WHAT IS REQUIRED -
Set down the data again word for word. Skip any pictures.

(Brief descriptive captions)
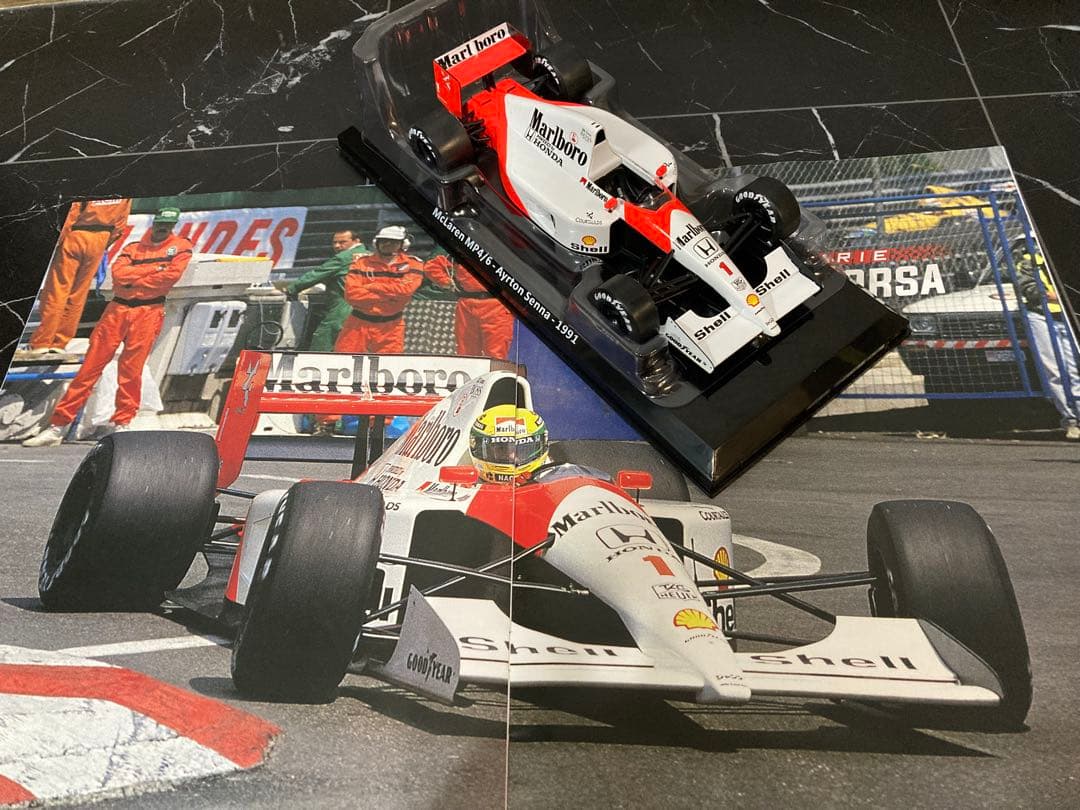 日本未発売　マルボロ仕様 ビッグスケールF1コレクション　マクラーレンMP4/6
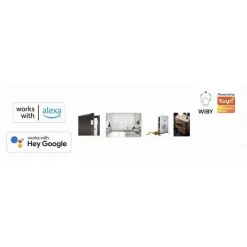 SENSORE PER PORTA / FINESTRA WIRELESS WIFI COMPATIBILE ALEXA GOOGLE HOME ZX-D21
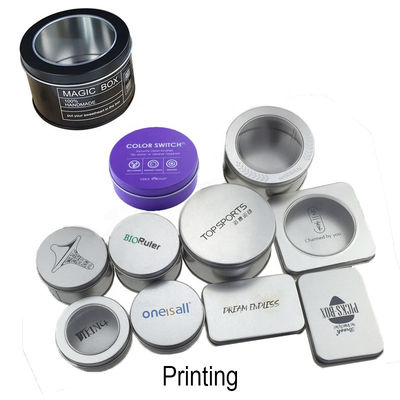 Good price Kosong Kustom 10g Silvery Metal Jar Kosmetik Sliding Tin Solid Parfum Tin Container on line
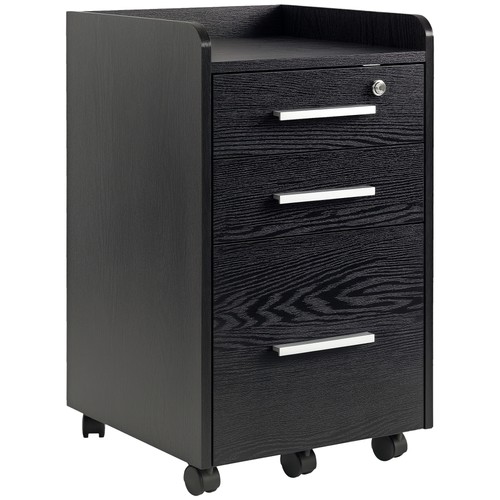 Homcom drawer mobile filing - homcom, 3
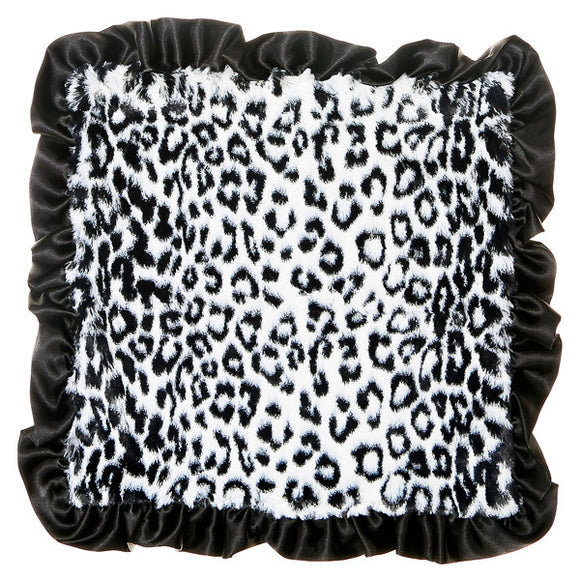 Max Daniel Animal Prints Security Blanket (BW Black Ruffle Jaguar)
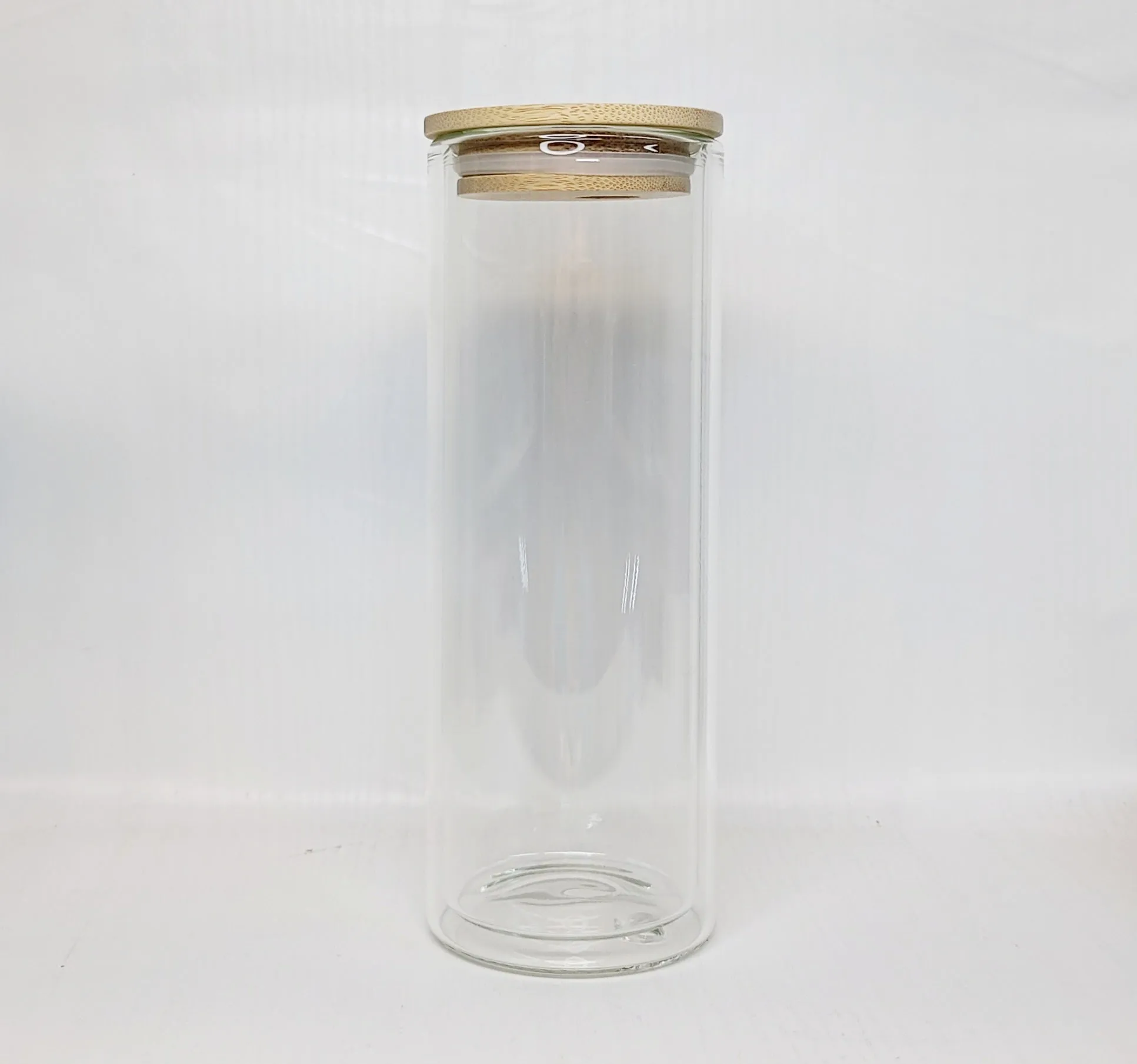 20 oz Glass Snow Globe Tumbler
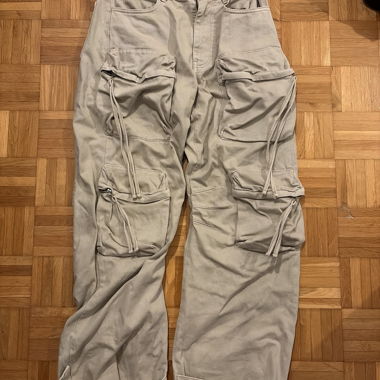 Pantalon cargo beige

RESULT BELOW -
 日本未発売　マルボロ仕様 ビッグスケールF1コレクション　マクラーレンMP4/6
 SENSORE PER PORTA / FINESTRA WIRELESS WIFI COMPATIBILE ALEXA GOOGLE HOME ZX-D21
 Good price Kosong Kustom 10g Silvery Metal Jar Kosmetik Sliding Tin Solid Parfum Tin Container on line
 Homcom drawer mobile filing - homcom, 3
 Max Daniel Animal Prints Security Blanket (BW Black Ruffle Jaguar)
 20 oz Glass Snow Globe Tumbler
 Pantalon cargo beige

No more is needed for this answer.